A sudden sound, like a hailstorm rattling against a window, broke the silence as the thread snapped in Honor Tait’s fingers and the beads fell in a sudden stream, bouncing and scattering across the parquet. The old woman did not move.
“Like a mother,” she said quietly.
Tamara had a sudden swooping sensation of weightlessness.
“What are you saying?”
“I kissed him,” Honor Tait said in a voice ringing with anger, “not like a friend, or a lover. I kissed him like a mother. A mother kissing her son.”
Tamara reeled back in her chair.
“Dev is your son? But you never mentioned a son.”
Honor sat down again, and Tamara stared as the old woman absently sifted the few remaining beads, like grains in an hourglass, through her gnarled hands.
“He was—is—my only son: Daniel, Danny, Hari, Asgar, Dev—whatever name he’s calling himself at the moment. He’s my son. My adopted son.”

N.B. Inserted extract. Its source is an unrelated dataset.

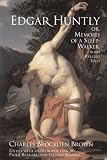 Edgar Huntly; Or, Memoirs of a Sleep-Walker, With Related Texts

She was lying. She must be. What else could she do? It was the reckless act of a cornered woman, a practised manipulator. She had succeeded in throwing Tamara off course, but only temporarily. Tamara checked her recorder—still plenty of tape left—and picked up her notepad. She needed to get the facts absolutely straight.
“There was no mention of a son in any of the cuttings I read.”

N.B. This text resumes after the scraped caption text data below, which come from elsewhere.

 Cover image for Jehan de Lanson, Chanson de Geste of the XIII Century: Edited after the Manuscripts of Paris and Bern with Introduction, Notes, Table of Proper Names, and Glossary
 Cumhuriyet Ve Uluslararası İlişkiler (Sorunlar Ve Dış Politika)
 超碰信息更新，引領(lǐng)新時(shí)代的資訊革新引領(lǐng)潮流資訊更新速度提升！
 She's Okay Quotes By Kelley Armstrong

Honor answered in a mocking drawl.
“Well, if it’s not in the cuttings file …”
Tamara sat, silent and tense, trying to recall Dev’s accusations—his exact words—as Honor continued.
“Daniel Edmund Tait, or Varga as he preferred, went—fled—to New
Zealand in 1990 at the age of twenty-three. He bought enough land to set up a commune on the South Island with a bunch of like-minded crackpots. It all fell apart, of course. Then he went to Hong Kong, and blew the rest of his money there before moving to northern India, then Spain, then on.”
“You’re lying.”
Honor stiffened.
“If it’s lies that interest you, Daniel could run master classes. He always had a taste for invention and reinvention. During a brief period of teenaged gentrification, when he swaggered about Chelsea in a waxed jacket like a country landowner at a point-to-point, he insisted we called him by his middle name, Edmund. When the drugs first took hold, he changed that to Ed.”
“Dev and Daniel are the same person?”
Honor tilted her chin and smiled with false pity.